Leadership - Discipline, Patience, Rehearsal, and Talent


The following article was written by Mary Ellen Harden, President of Wall Street Greetings. Leadership is like ballet – if it doesn’t look easy it’s a disaster.

As a graceful ballerina pirouettes on stage the audience admires the ease with which she balances twirls and floats. Most spectators don’t even think about the tireless rehearsals, strenuous athletic training, and strict discipline required to complete the performance.

Good leadership is much the same. A skilled leader effortlessly moves a team… or so it seems. Yet, like that skilled dancer, there’s a lot of discipline, patience, rehearsal and talent involved.

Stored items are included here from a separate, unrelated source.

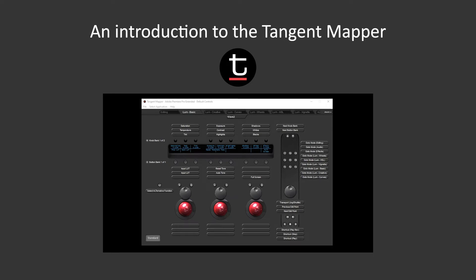Hi, this is a brief introduction to the Tangent Mapper and how to use it to generate customized user control layouts for tangent panels.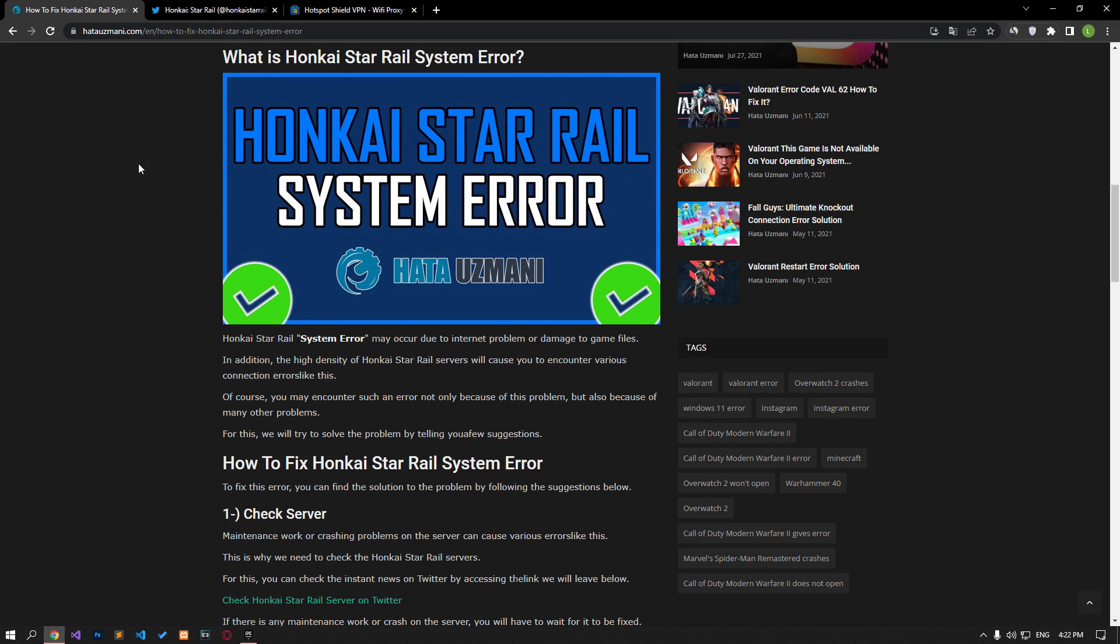Hello everyone, welcome to the Bug Expert channel. In this video, we will provide information on how to fix Honkai Star Rail system error.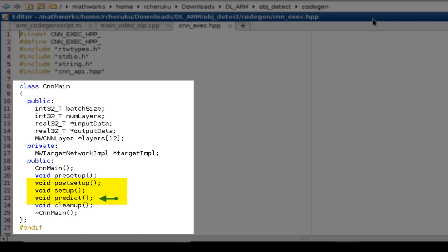The predict method invokes prediction for each of the layers in the network. The post setup function does the allocation of buffers for each layer. These buffers are used by ARM compute library during inference.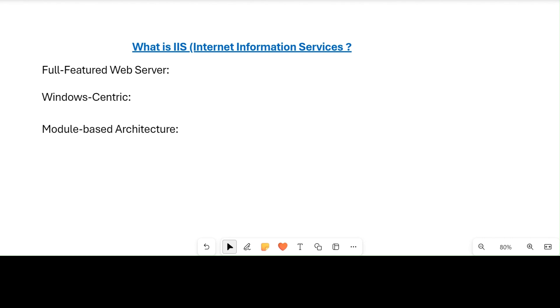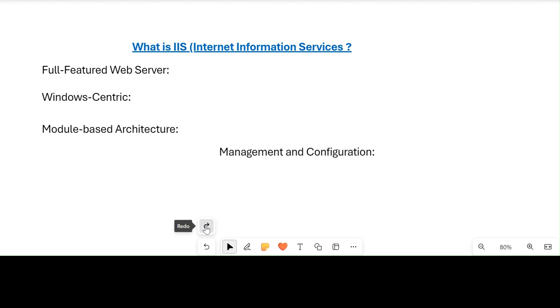Next is management and configuration. IIS provides a user-friendly management interface that allows administrators to configure and control various aspects of the web server. The IIS Manager is a graphical tool that simplifies tasks such as creating websites, setting security parameters, managing SSL certificates, and monitoring server performance. This interface contributes to the ease of managing web applications hosted on IIS.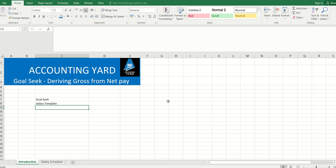Hello, welcome to another series of Accounting Yard covering Goal Seek, where we're trying to derive gross salary when you know the net pay. This is a situation where at times you hear people talk about...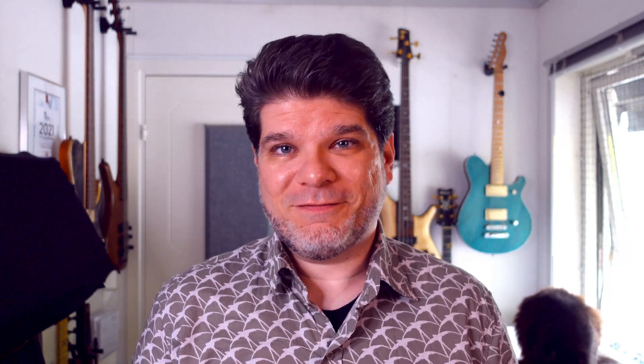So lots of good things associated with the Supernote A5X, but where are the areas where it could actually improve upon? Let's explore a couple of those in this video.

Who wants to watch a dancer heaving out of breath after completing her graceful routine? Similarly, no one wants to see leaders struggling under the pressure of daily operations, decision making, and people problems. As a leader it is easy to feel overwhelmed, but good leaders keep turmoil in the wings. Like a dancer trained to perform through exhaustion, good leaders know how to manage their emotions.


Good leaders learn through experience, and sometimes by trial and error. Learning to be a good leader takes patience, persistence, and resilience. Like the dancer with hours of class and rehearsal, leaders sit through a lot of boring stuff -- hours of planning, meetings, project management, board service, etc. Leadership skills do not simply develop overnight.


Effective leaders are prepared. They may appear always capable of effortlessly setting goals and solving problems, but don’t kid yourself. Does a dancer just float on stage? Of course not. Good performances require hours of preparation, whether it’s practicing talking points, researching effective solutions, or spending time brainstorming. Good leaders dedicate time to preparation so that things run smoothly and effortlessly at performance time.


There’s truth to the old tale of natural born leaders. Strong leaders often have intuitive insights, skills, and instincts inherent to their very being that influence their decision making. That being said, the ballerina may have been born with certain athletic ability and physical attributes, but that won’t get her a spot in the New York City Ballet. Good leaders may have natural talent, but it is the extra hours they spend honing their skills that enhance their capacity to lead.